Another group has joined the chorus of officials expressing frustration with the state education agency for delays in implementing laws passed during the last legislative session.
This time, it’s the Board of Public Education, a governor-appointed oversight board. Members unanimously agreed during a special meeting on Monday to send a letter to Superintendent Elsie Arntzen voicing disagreement with how the Office of Public Instruction has handled public charter legislation.
“It is my hope and prayer that approval of this formal letter (...) will get this process moving so that these innovative programs designed to benefit students of Montana may open on time as expected,” said Tim Tharp, chair of the BPE from Savage.
Under House Bill 549, BPE is responsible for approving public charter school applications. It approved 19 proposals in January, 18 of which are slated to open their doors for the next school year. However, OPI asserts charters need to go through the existing school opening process for traditional, non-charter public schools.
This would mean school district applicants must receive separate and additional approval from the superintendent’s office and/or local county commissioners.
As of Monday, OPI has refused to assign a school code to the charters already approved by BPE, which is necessary to be able to begin allocating funding and crafting a preliminary budget. BPE’s letter directs the agency to do so.
Tharp called the current deadlock a “highly distasteful situation.” He noted the board has sought counsel from a number of legal experts, and the “only dissenting opinion” has come from OPI. If the Legislature had wanted to give counties veto power over charters, “they would have done so,” Tharp said.

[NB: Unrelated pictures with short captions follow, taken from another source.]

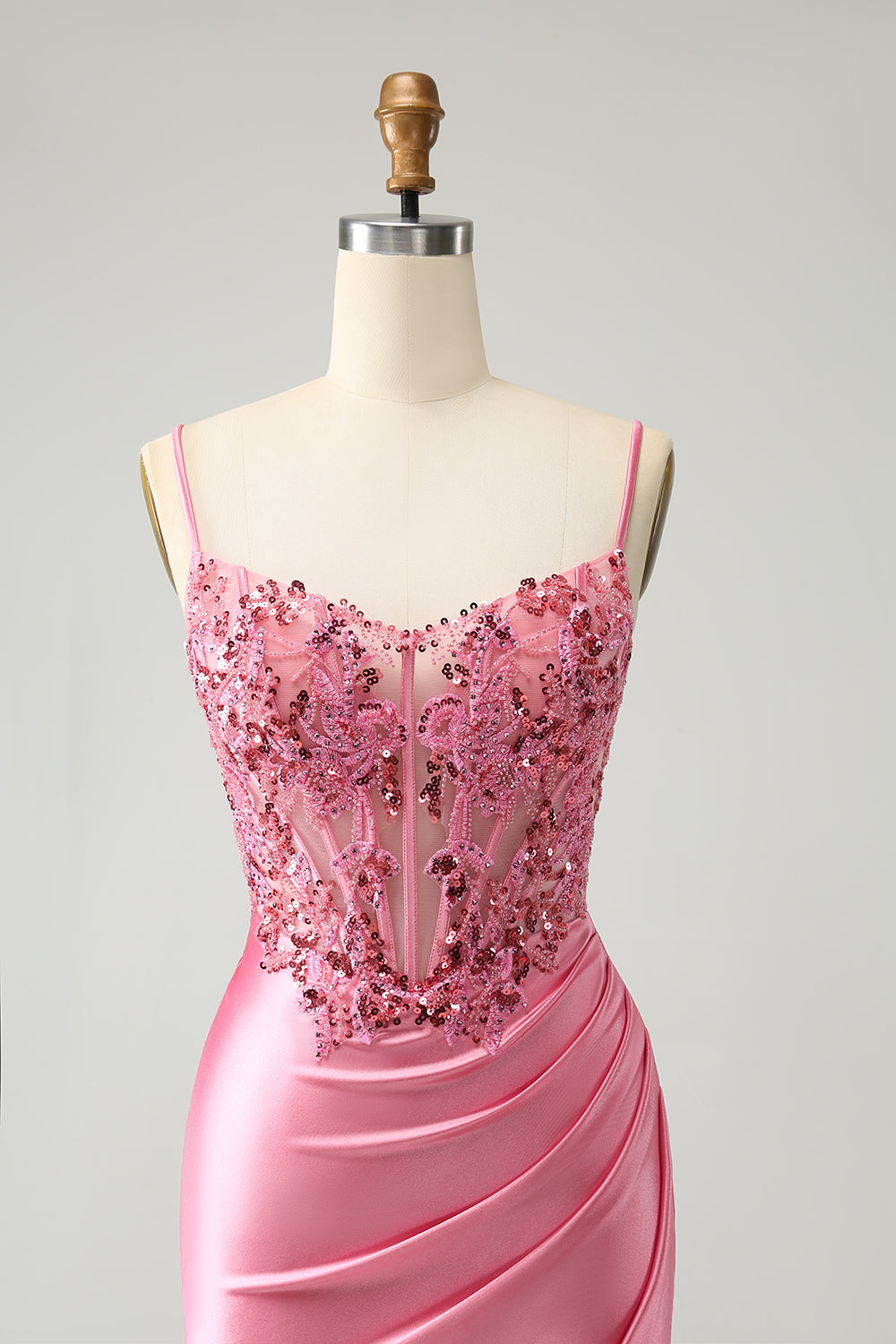 Vestido de fiesta corto ajustado con tirantes finos y corsé en color rosa intenso con apliques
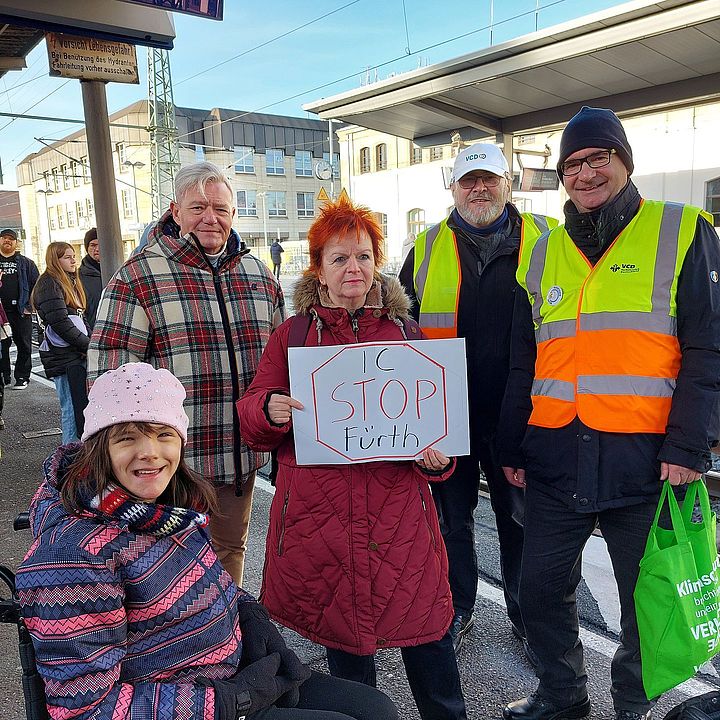 Protest am Fürther Bahnhof wegen fehlendem ICE Halt.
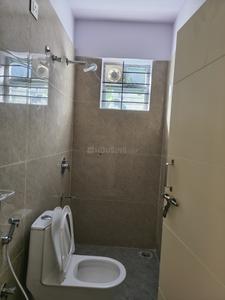 Bathroom Image of 600 Sq.ft 1 BHK Apartment / Flat for rent in Nagavara Bengaluru for Rs. 25000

Rep. Fred Anderson, R-Great Falls, spoke during public comment as the sponsor of HB 549. He confirmed that there was “no intention” of giving anyone other than BPE oversight authority for charters.
“Seeing this now as a detour or a roadblock is disappointing,” Anderson said.
Lawmakers from the Legislature’s Education Interim Budget Committee issued a formal complaint earlier this month after extensive hearings that Arntzen refused to attend. The discussions resulted in an impasse on Indian Education for All, quality educator funding, early literacy programs and more.
“We’ve not been persuasive,” said Rep. David Bedey, R-Hamilton, who chairs the EIBC and spoke during public comment at Monday’s meeting. “I hope you have better luck.”
Failure to move forward on public charters is the “most significant of these issues,” according to Tharp, because it risks their ability to start operating in the fall.
The superintendent submitted a letter to BPE offering her belief that the law as it’s written fails to waive charters from the application process faced by any other public school. “I believe public charter schools are public schools,” Arntzen said to BPE on Monday.
She encouraged BPE to pen a new policy for charters that either excludes them from the traditional school-opening process or carves out a distinct path for them. Otherwise, OPI will continue to follow “existing legal requirements for school opening,” Arntzen wrote in a letter submitted to the board.
“I encourage you to partner with school districts and the OPI to promote the school opening process so that public charter schools can prepare to open on time,” it said.
Arntzen, who will term out of the office of the superintendent this year, is running to represent Montana’s 2nd Congressional District.